For the reasons set forth below, the court denies
plaintiff’s motion to amend his complaint to add a claim.
PROCEDURAL AND FACTUAL BACKGROUND
On October 16, 2014, plaintiff filed a four-count complaint against the City.
Doc. 2. Plaintiff alleges he was employed by the City as its police chief pursuant to a
written contract until January 21, 2014, when his employment was terminated.
contends that his discharge was (a) in retaliation for conduct protected by the Fair Labor
Standards Act (FLSA), (b) a breach of contract, and (c) a violation of Iowa public policy.
Doc. 2, Counts I, II and IV. He further contends that the City violated the Iowa Wage
Payment Collection Act by failing to pay certain wages after the termination, as allegedly
required by the parties’ contract. Id., Count III.
On November 17, 2014, the City filed a motion to dismiss the complaint, alleging
plaintiff failed to state a claim under Count I because he was not actually covered by the
FLSA. Doc. 4. On April 9, 2015, this court denied the City’s motion to dismiss,
finding that although the FLSA provisions do not apply in this case because the police
department had fewer than five employees, plaintiff alleged he, in good faith, believed it
did. Doc. 14. Therefore, the court concluded plaintiff stated a valid federal claim
when he alleged the City fired him in retaliation for filing a grievance asserting a violation
of the FLSA. Id.
While the motion to dismiss was pending, on January 30, 2015, the parties filed,
and the court adopted, a proposed scheduling order. Doc. 12. Among other deadlines,
the scheduling order provided a deadline of March 30, 2015, for amending pleadings.
On April 29, 2015, plaintiff filed an unresisted motion to extend deadlines (Doc. 16),
which the court granted the next day (Doc. 17).
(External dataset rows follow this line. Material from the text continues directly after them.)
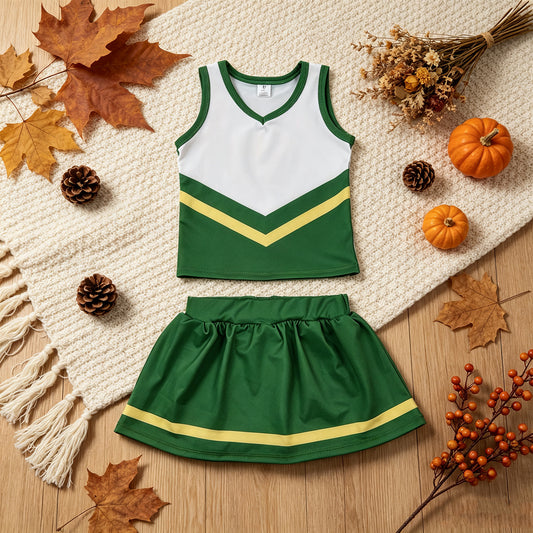 RTS NO MOQ （In stock）GSD4238 Yoga Baby Girls Green Yellow Vest Top Matching Skort Two Piece Yoga Active Team Clothes Set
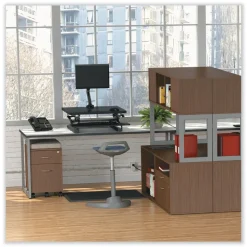 Alera Open Office Series 29.5 in. x 19.13 in. x 22.88 in. 2-Drawer Low File Cabinet Credenza - Walnut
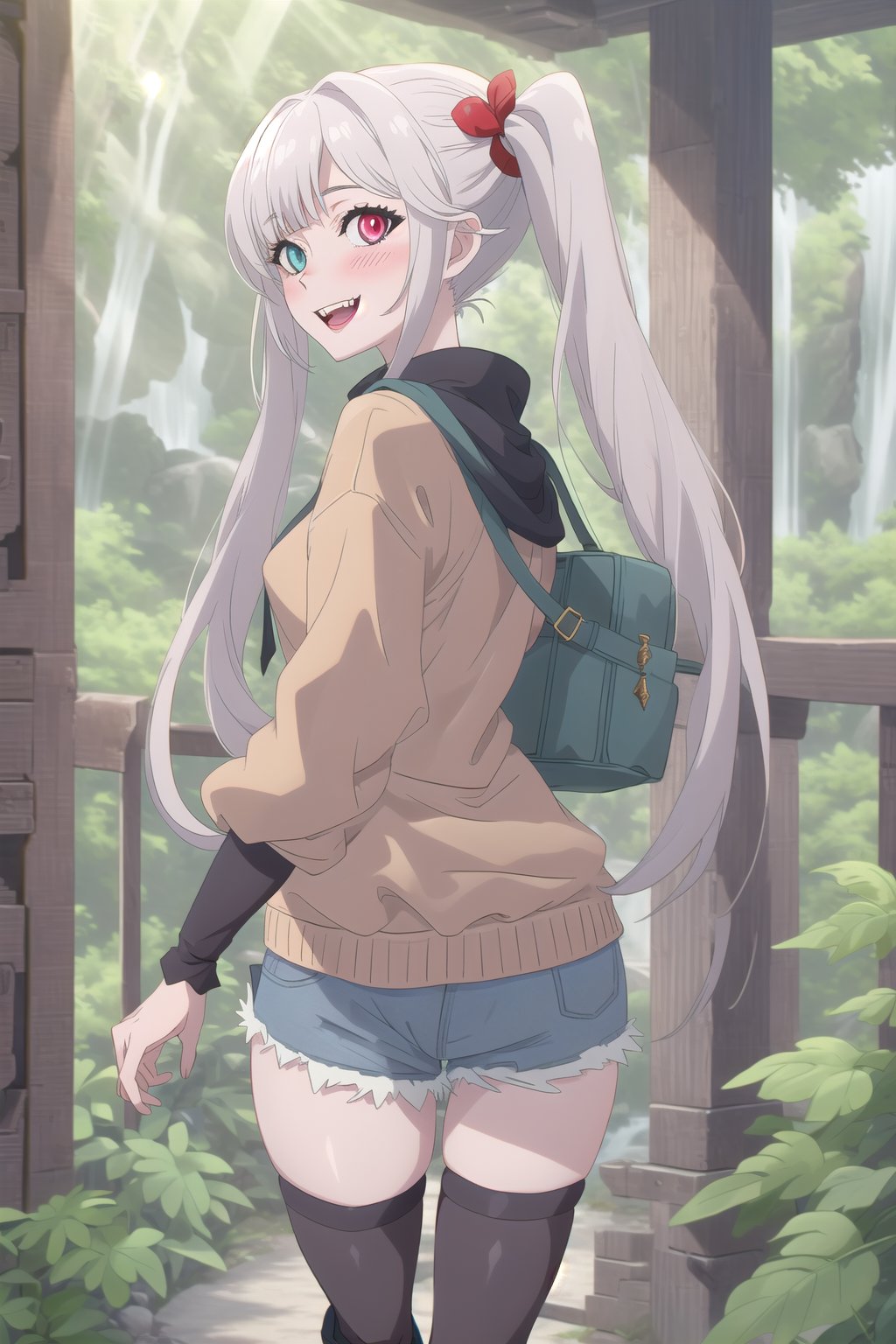 nier anime style illustration, best quality, masterpiece High resolution, good detail, bright colors, HDR, 4K. Dolby vision high.

Albino deer girl with long straight hair, long pigtails, blushing. Heterochromia (One blue eye, one red eye). 

Gray steampunk sweatshirt 

Medieval fantasy style denim shorts 

black stockings 

Gray ankle boots 

Forest with leafy trees

waterfalls 

Intense sun rays between the trees 
 
Flirty smile (yandere smile). Happy, excited.  Open mouth 

Showing fangs, exposed fangs

selfie pose

deer girl

Girl from behind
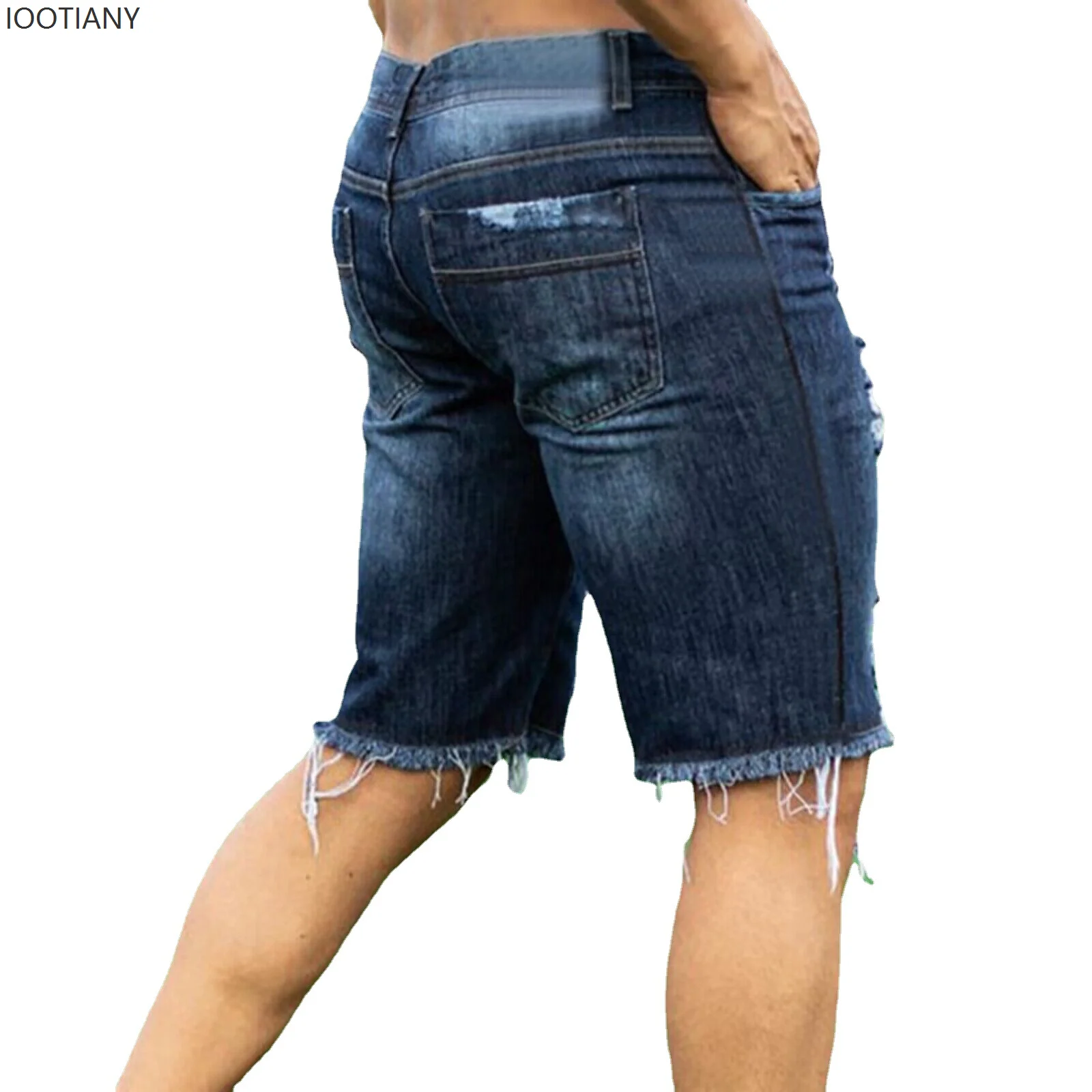 2026 New Hole-washed Water Buffalo Denim Short Pants - Men's Trendy Loose Straight Five-Piece Casual Shorts - Summer New Style view 5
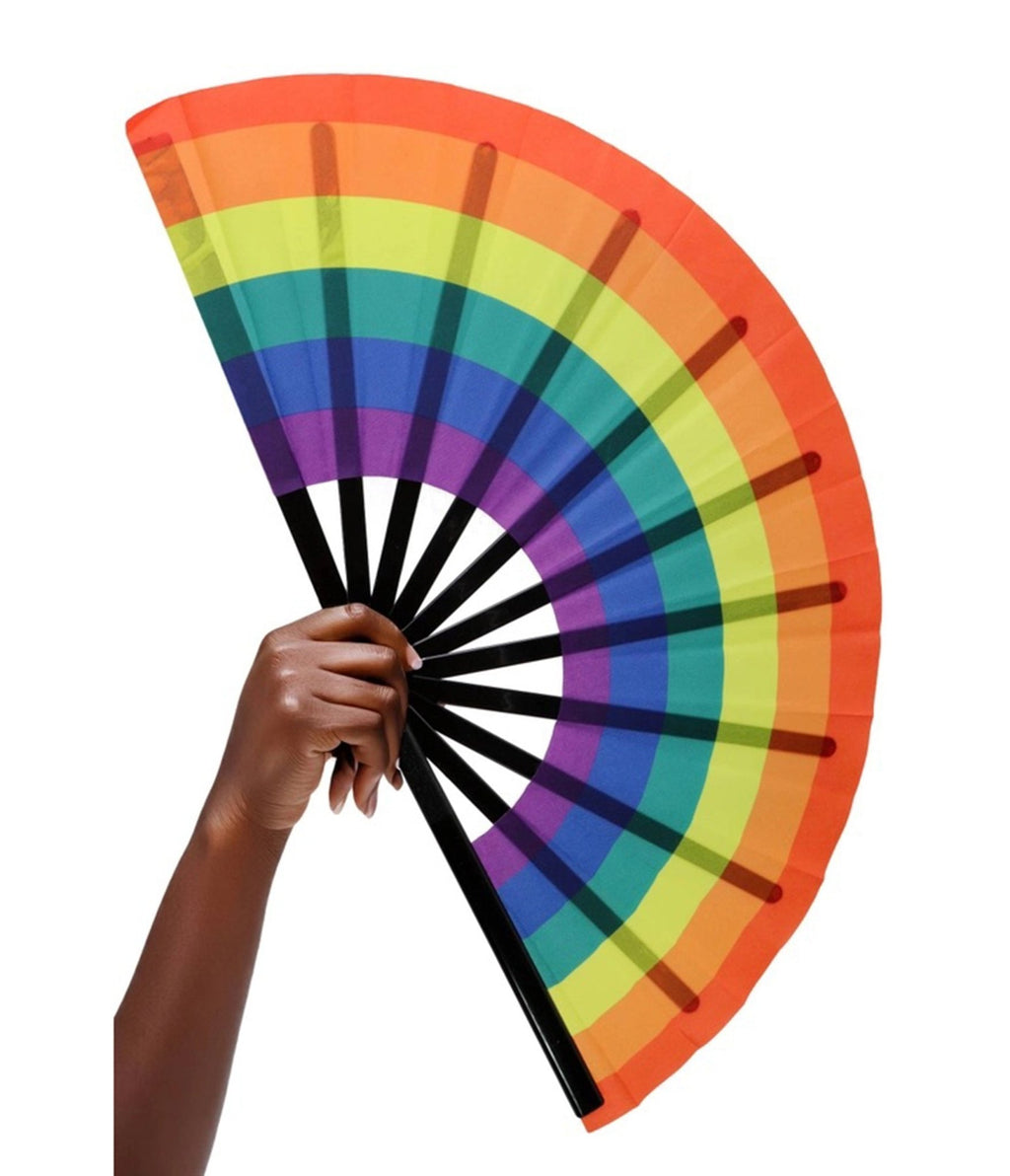 Rainbow Stripe Hand Fan - Unique Vintage - Womens, ACCESSORIES, GIFTS/HOME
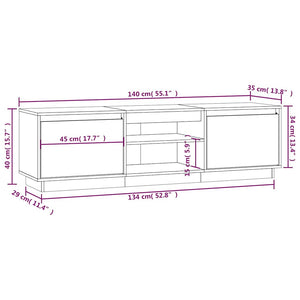 Έπιπλο Τηλεόρασης 140 x 35 x 40 εκ. από Μασίφ Ξύλο Πεύκου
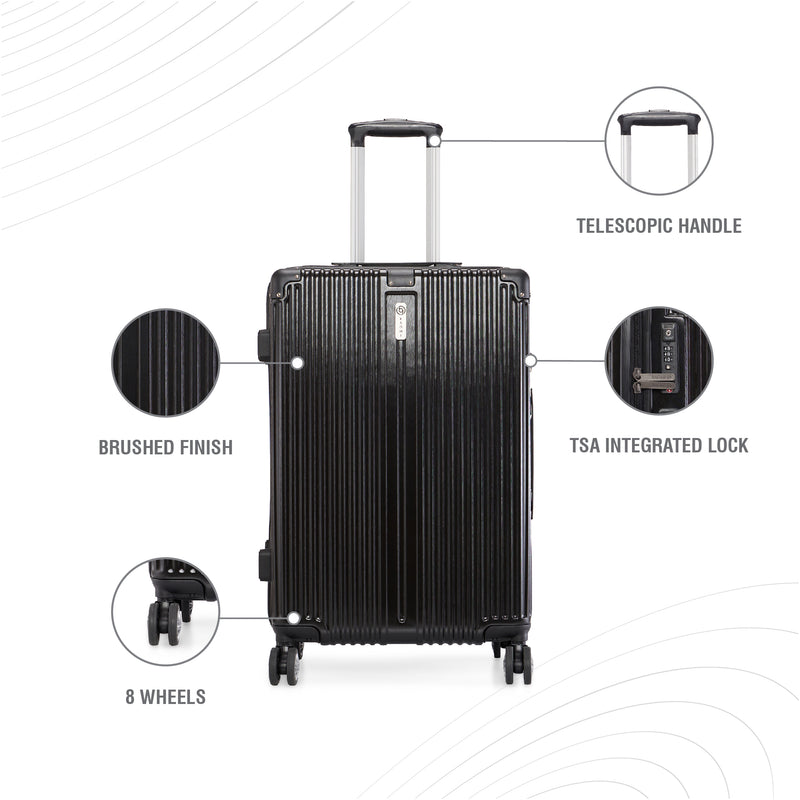BAOMI SOLID GOLD Range Black Hard Medium Luggage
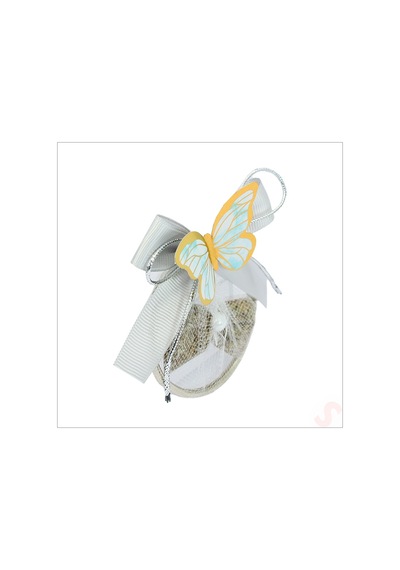 Lavantalı ve Mavi Kelebekli 6.5 CM Metal Pano Magnet, 1 Adet Çok Renkli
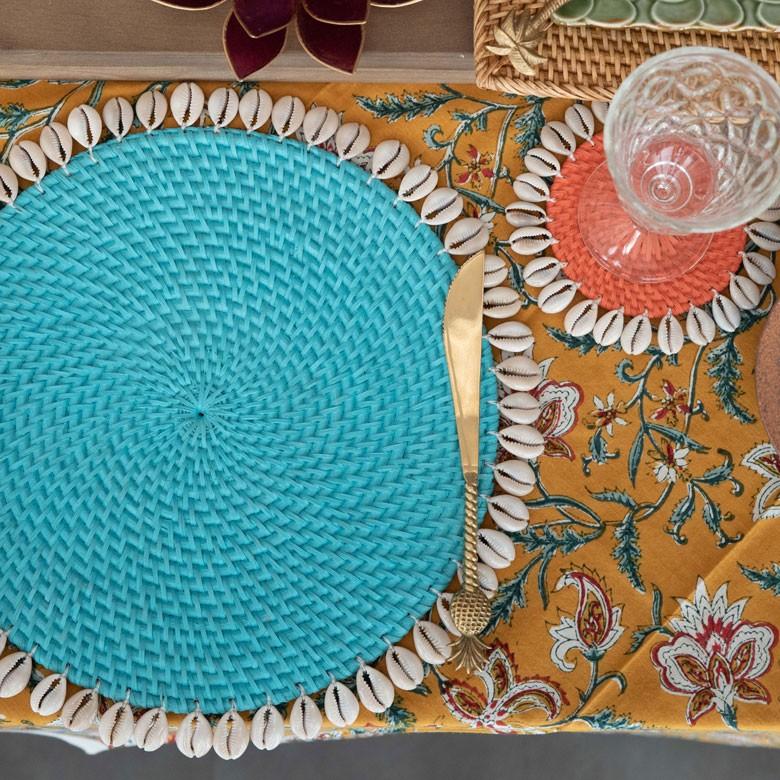 ランチョンマット ラタン ラウンド 約　W 34cm D 34cm H 0.5cm プレースマット プレイスマット シェル 貝 キッチン雑貨 ランチマット モダン ナチュラル 13894 | ELEMENTS（インテリア） | 06
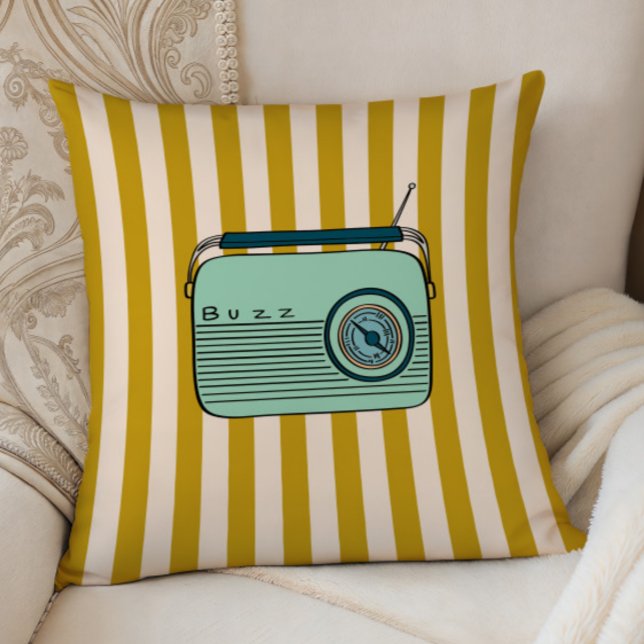 Coussin Retro Radio and Gold Stripes, Accent Pillow,  (Créateur téléchargé)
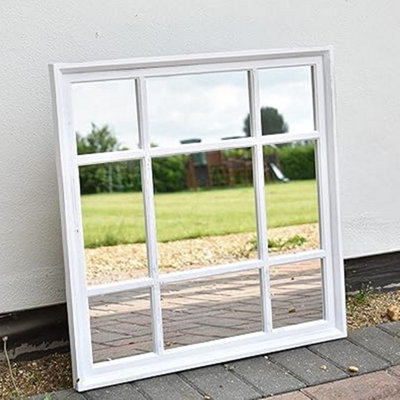 Square Black Window Style Box Wall Mirror 61x61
The order established October 30,
2015, as the new deadline for completion of discovery.
In his motion,
however, plaintiff did not seek to extend the deadline for amending his complaint, so the
court’s order granting the motion did not extend the deadline for amending pleadings.
On November 30, 2015, the City filed a motion for summary judgment. Doc.
18. In plaintiff’s resistance to the motion for summary judgment, he conceded that his
contract claims could not survive a motion for summary judgment. Doc. 24, at 1 n.1.
On January 4, 2016, plaintiff dismissed Counts II and III of the complaint. Doc. 21.
Accordingly, only Count I (retaliatory discharge) and Count IV (wrongful discharge)
THE PARTIES’ ARGUMENTS
In his motion to amend the complaint, plaintiff cited to Fed. R. Civ. P. 15 and
noted that courts “shall … freely” grant leave to amend complaints “when justice so
requires.” Doc. 33, at 1. Plaintiff argued that “[a] revision of Plaintiff’s petition based
upon subsequently discovered information will clarify the issues and promote judicial
efficiency and justice.” Id. He further argued the court can exercise supplemental
jurisdiction over this state law claim, which he stated arose from the same nucleus of
operative facts. Id., at 1-2.
In its resistance, the City argued that plaintiff “is attempting to add a different
count with different issues.” Doc. 34. It further argued “[d]iscovery was completed
by Defendant with no indication beforehand by Plaintiff that a whistleblower claim might
be alleged.” Id.
In its reply, plaintiff again argued “[t]he Court must give leave to amend freely
when justice so requires.” Doc. 36, at 1. Plaintiff further argued that “[i]n order for
the court to deny a motion to amend, the opposing party must show that it will be unfairly
prejudiced by the amendment.” Id. (citing Dennis v. Dillard Dep’t Stores, Inc., 207
F.3d 523, 525 (8th Cir. 2010)).
The remainder of plaintiff’s reply addressed the
similarities of the elements of the FLSA retaliation claim (Count I), the wrongful
discharge claim (Count IV), and the proposed new whistleblower count in an effort to
demonstrate that the City will not be prejudiced by amending the complaint to add the
new count. Doc. 36, 2-5.
At oral argument on this motion, counsel for plaintiff candidly and honorably
stated that the “subsequently discovered information” was that counsel found, or
“happened upon,” the whistleblower statute while conducting research in preparation for
resisting the City’s motion for summary judgment. Counsel explained that plaintiff was
not previously aware of this statute, perhaps because it is little used. Plaintiff’s counsel
did not allege plaintiff uncovered new evidence in discovery, there was a change in
circumstances, or that a new law was enacted giving rise to a claim under the Iowa
When asked at oral argument what prejudice the City would suffer were the court
to grant the motion to amend the complaint, counsel for the City explained that it would
alter the City’s theory of defense. The City’s counsel suggested that the addition of the
new claim may create a conflict between the City’s theory of defense to the current claims
with a theory of defense it would have to adopt to respond to the new claim. Counsel
for the City, however, did not claim that additional discovery would be necessary.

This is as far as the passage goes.